In this poem, Williams demonstrates the power of the mind to produce (through acts of repression, forgetting) some cultural object as pure or natural; the yachts are described as “live with the grace / of all that in the mind is fleckless, free and / naturally to be desired,” (16-18). This majestic vision of the yachts, however, is available only by rather large acts of mental repression; the suffering that permeates much of the social field must be ignored. Roland Barthes, in his discussion of “Wine and Milk” in Mythologies, finds that wine can become an “unalloyedly blissful substance” for the French public only if they “wrongfully forget that it is also the product of an expropriation,” an issue of violent colonial oppression in Algeria (60-61). In very much the same way, the perception of the “skillful yachts” is available only through the “wrongful forgetting” of the capitalist exploitation that underwrites it.

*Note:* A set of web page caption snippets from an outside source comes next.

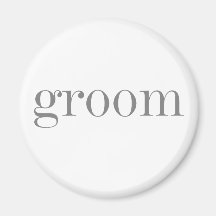Grey Text Groom Fridge Magnets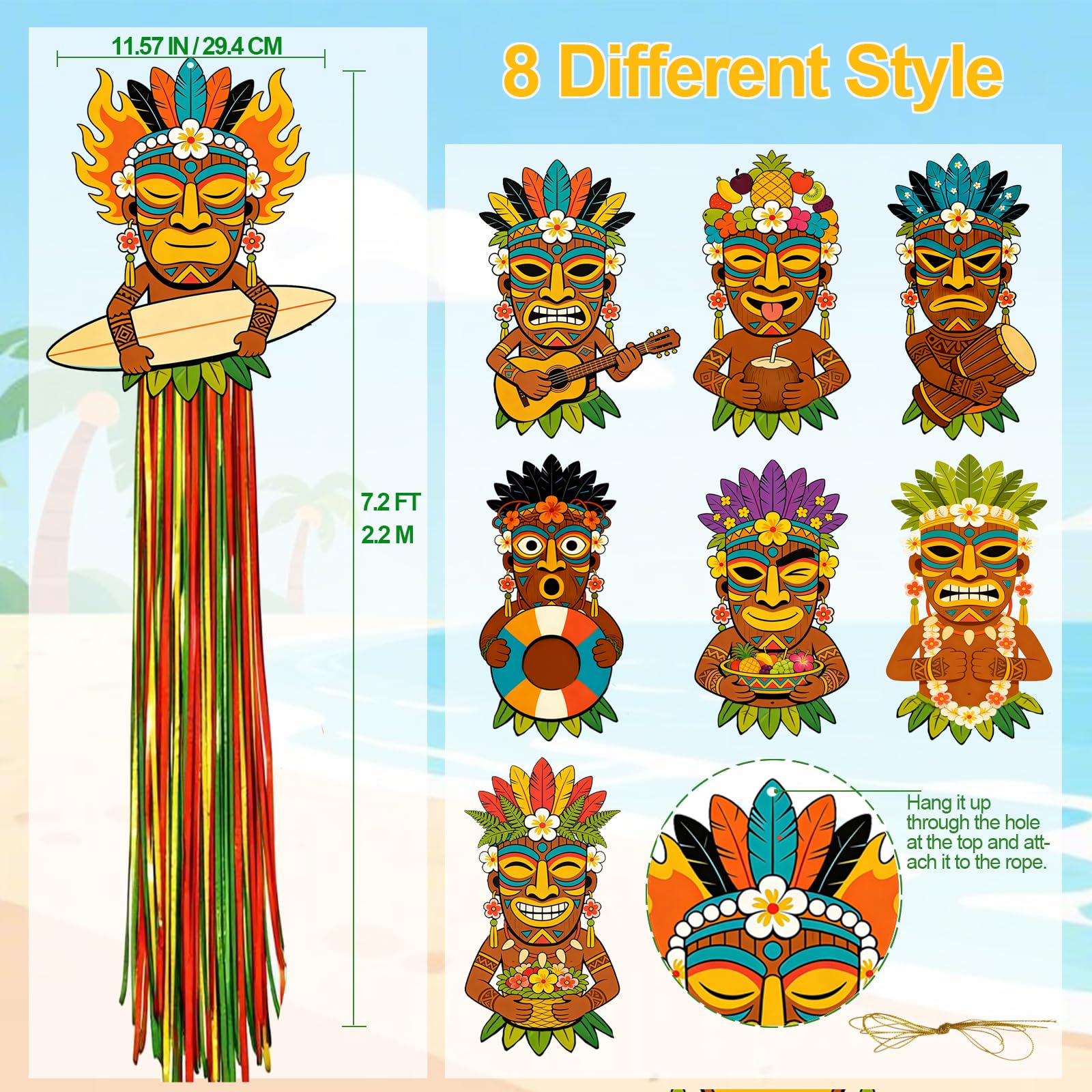 Aovaely bright tassel streamers bring movement to tropical party settings.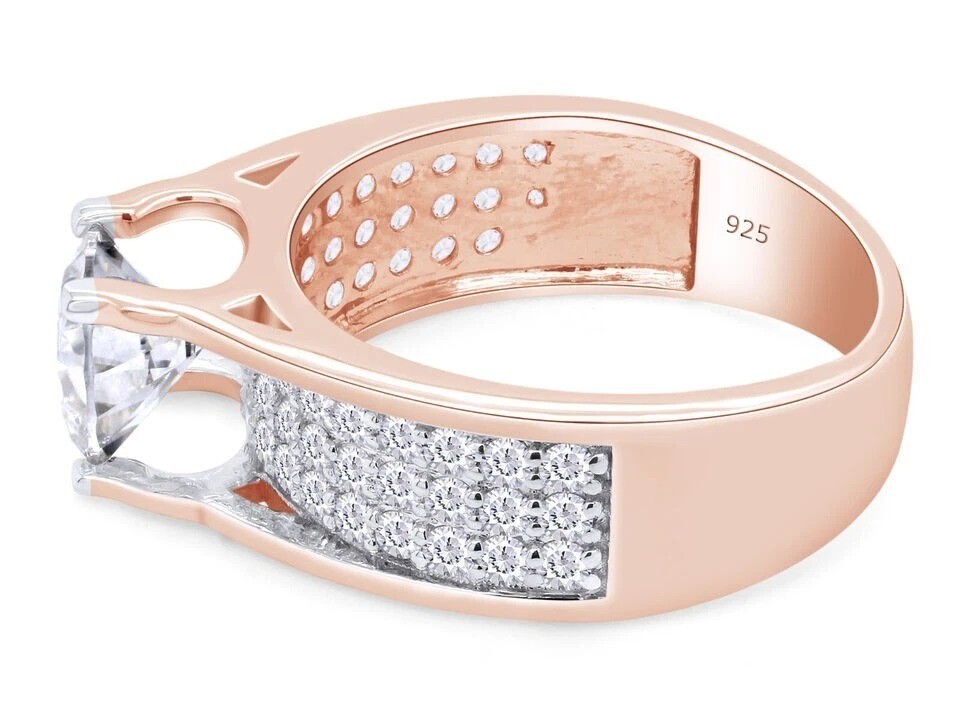 2.5Ct VVS1 Lab Created Moissanite Bridge Style Wedding 14K Rose Gold Finish Ring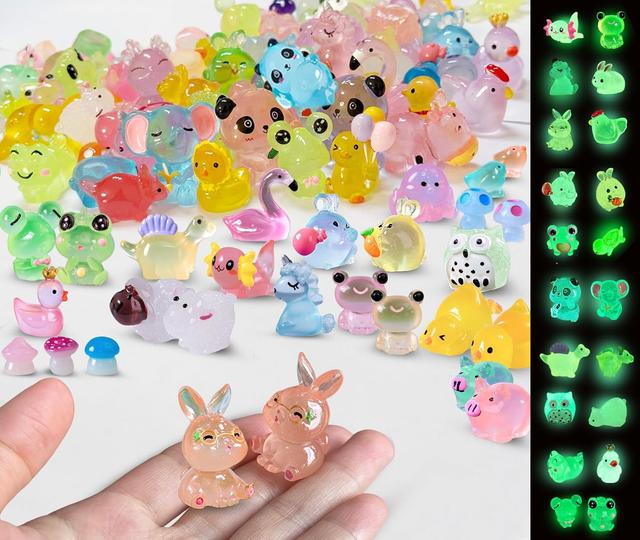 Product image of Luminous Mini Resin Animals 100 Pcs Tiny Animals Mini Ducks Owls Tiny Frogs Pandas Dinosaurs Small Birds Elephants Little Rabbits Glow in The Dark Garden Miniatures Fairy Garden Accessories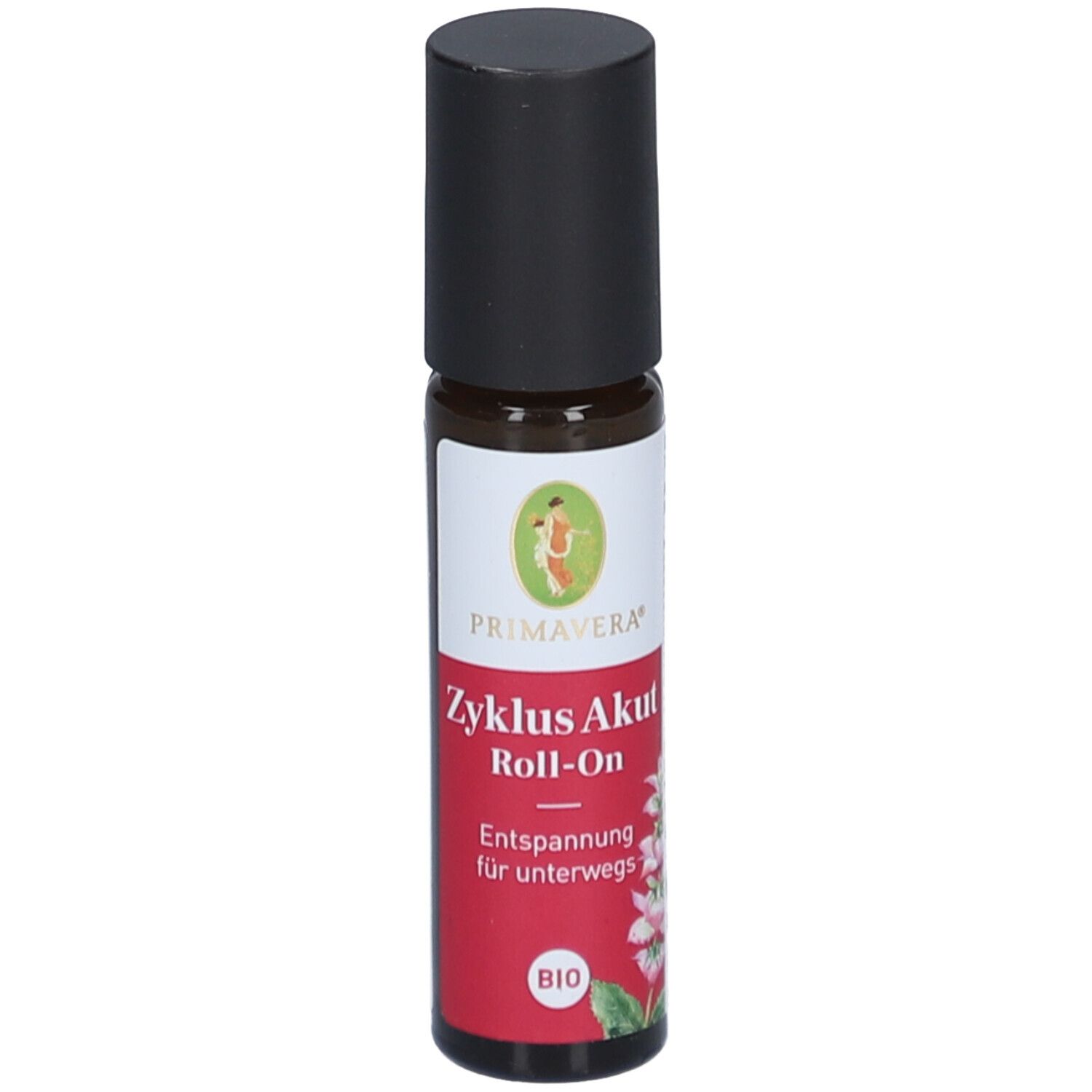 Roll-On-Flasche mit schwarzem Deckel. Etikett mit PRIMAVERA-Logo, Produktname und BIO-Siegel. Rote und weiße Farbgebung.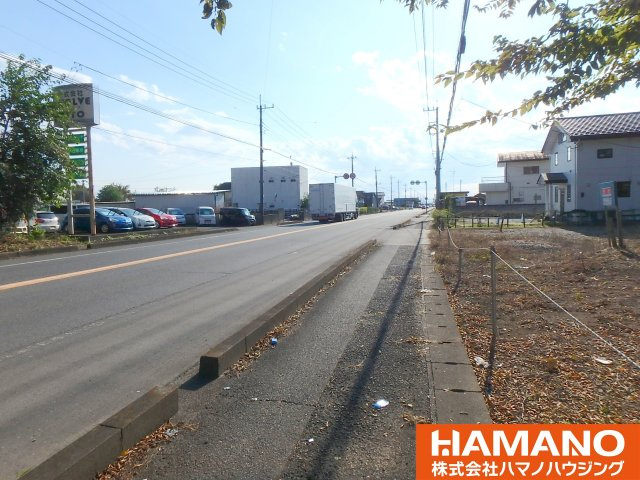 小山市出井土地　約165坪の前面道路含む現地写真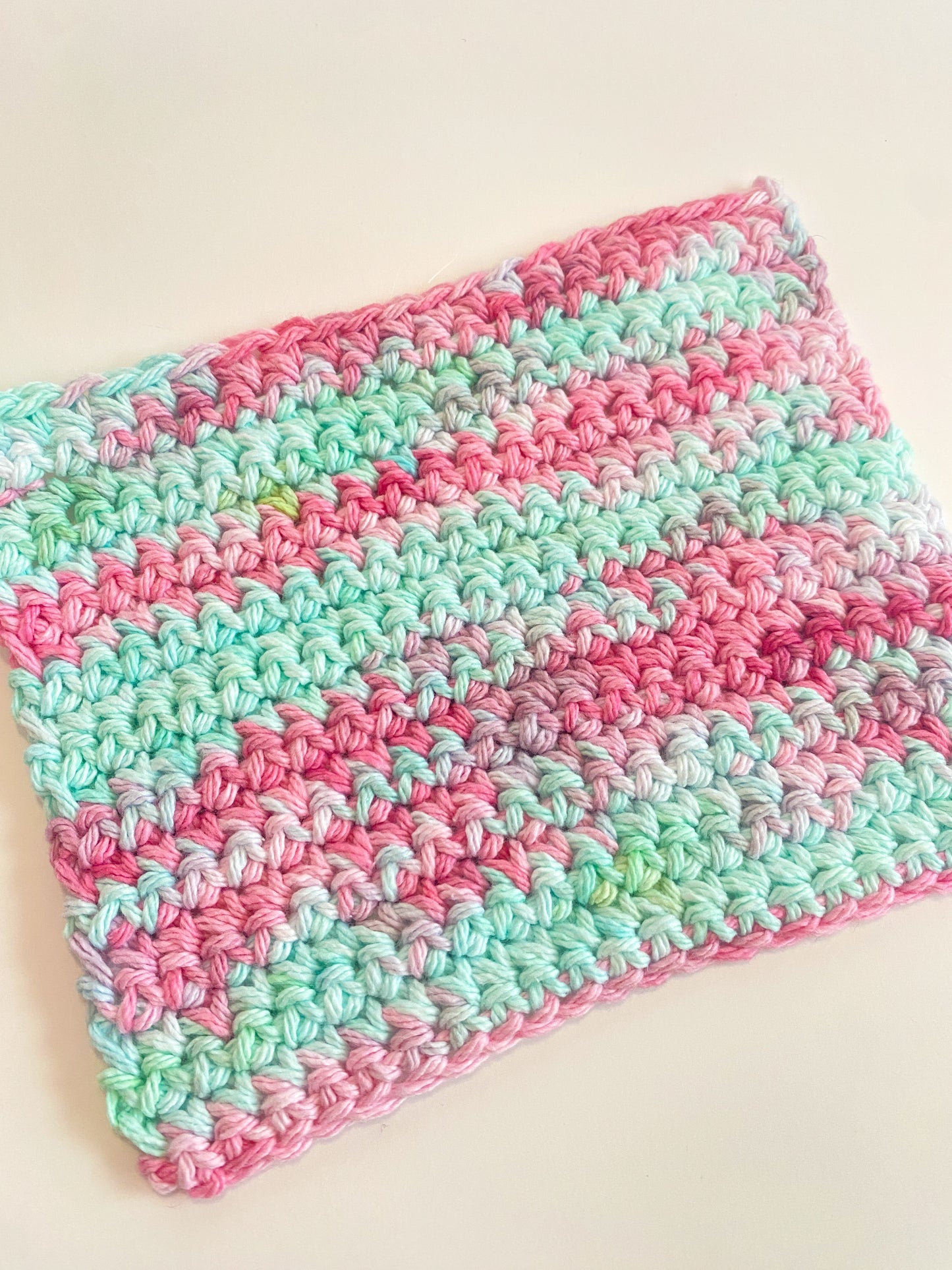 Hand Dyed Crochet Dish Cloth 100% Cotton Ice Dyed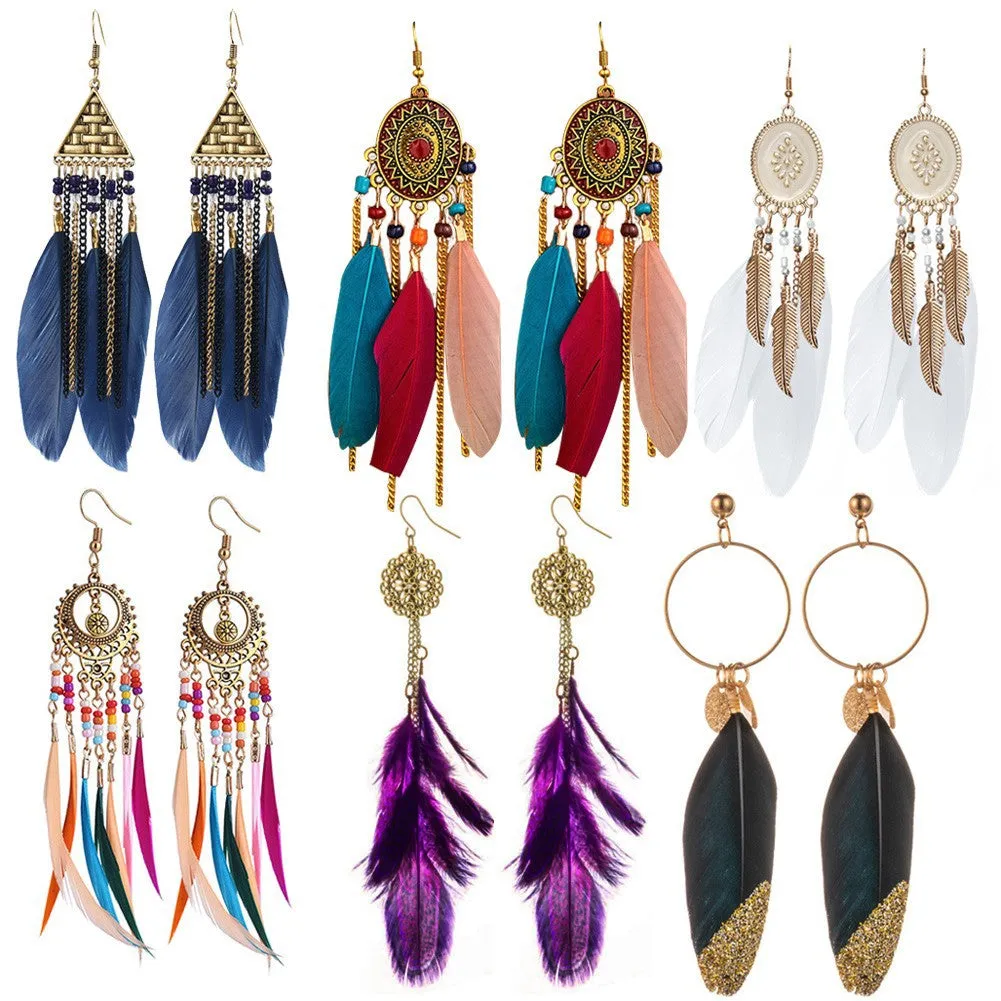 Wholesale Fashion Feather Large Exaggerated Long Retro Earrings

However, Williams not only demonstrates the power of bourgeoise mythology, he also demonstrates the mind’s power to recover, through the action of the imagination, a sense of reality. This sense of reality is reinstated through powerful representations of what has been lost or rendered unavailable through these acts of primary repression. This is what is being performed through the intense language and imagery of the closing stanzas (“Arms with hands grasping seek to clutch at the prows…” 25). In this way, although a direct apprehension of reality is simply not possible because of a repressive filter that has been installed (through ideological apparatuses, etc.) in the individual subject, some approximation of the “real” (a “real” that discovers the apparently real to be “false”) is nonetheless shown to be salvageable through the work of the informed imagination.